« Ensuite elle va s’asseoir au métier et lance la navette d’une main tremblante. Le métier gronde et siffle, et va par bonds fougueux comme si des esprits poussaient à l’œuvre.
« Cependant l’armée chevauche à la bataille ; ce jour-là, monseigneur porte un costume étrange, sillonné de signes et d’hiéroglyphes effrayans, une ample et flottante robe blanche.
« L’ennemi l’évite comme un spectre ; quel homme l’oserait braver, l’oserait attaquer de front, lui sur qui le plus rude glaive se brise, sur qui les traits glissent émoussés ?
« Un jeune homme pourtant l’aborde hardiment : — Arrête, meurtrier, arrête ! tu ne m’épouvantes point. Ne compte plus pour te sauver sur ton art infernal ; ton œuvre est morte, et ton enchantement, fumée.
« Ils fondent l’un sur l’autre et vaillamment ; la tunique du prince dégoutte de sang. Ils se pourfendent à l’envi dans la poussière, et chacun maudit la main de l’autre.
« La fille descend dans la campagne : — Où donc gît le héros ducal ? Elle les trouve blessés à mort tous deux, et pousse un cri de désespoir.

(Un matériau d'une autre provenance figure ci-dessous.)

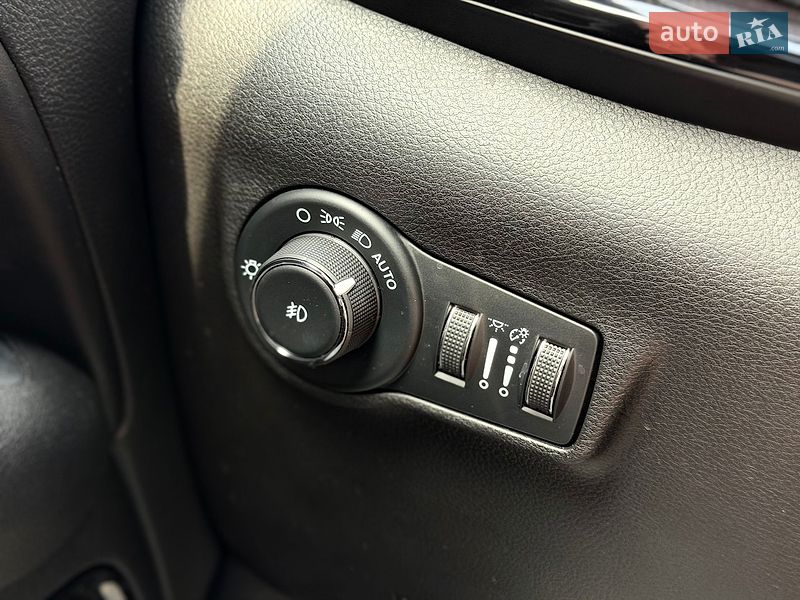 Внедорожник / Кроссовер Jeep Compass 2023 в Кременчуге фото 43 Внедорожник / Кроссовер Jeep Compass 2023 в Кременчуге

« — Es-tu bien mon enfant, indigne jeune fille ? Comment as-tu filé ce faux vêtement ? n’as-tu point invoqué l’enfer ? ta main n’était-elle pas virginale ?
« — J’ai bien invoqué l’enfer, mais ma main n’était pas virginale ; celui qui t’a frappé ne m’est pas étranger, et j’ai filé ainsi, malheureuse, ton linceul. »
La pièce qui suit, sans sortir de cette catégorie dont nous parlons rappelle plus particulièrement la veine lyrique de Uhland.
« Un chevalier, par la plaine, allait un beau matin ; il pensait, en son inquiétude, à la plus belle des femmes.
« Mon cher petit anneau d’or, dis-moi franchement, ô gage de ma bien-aimée, ce qu’il en est de sa foi.
« Et, comme il va pour le consulter, l’anneau lui échappe du doigt ; il saute le petit anneau, et roule parmi l’herbe de la prairie.
« Lui veut d’une main rapide le saisir dans le champ, mais les fleurs d’or l’éblouissent, les fleurs et les gazons humides de rosée.
« Un faucon avise en ce moment la bague du haut d’un tilleul où il perche ; il plonge avec grand bruit du sommet de l’arbre et la saisit dans l’herbe.
« Puis, d’une aile puissante, il s’élève dans l’air ; là ses frères veulent lui ravir son butin d’or.
« Mais nul d’entre eux ne réussit à le garder ; le petit anneau d’or tombe des hauteurs de l’air ; le chevalier le voit tomber dans un lac profond.
« Les poissons montent lentement pour happer le petit bijou ; mais le petit anneau tombe au fond, jusqu’à ce qu’il disparaisse aux regards.
« Ô petit anneau ! dans la prairie te saisissent le gazon et les fleurs ; ô petit anneau ! dans les airs te promènent les oiseaux.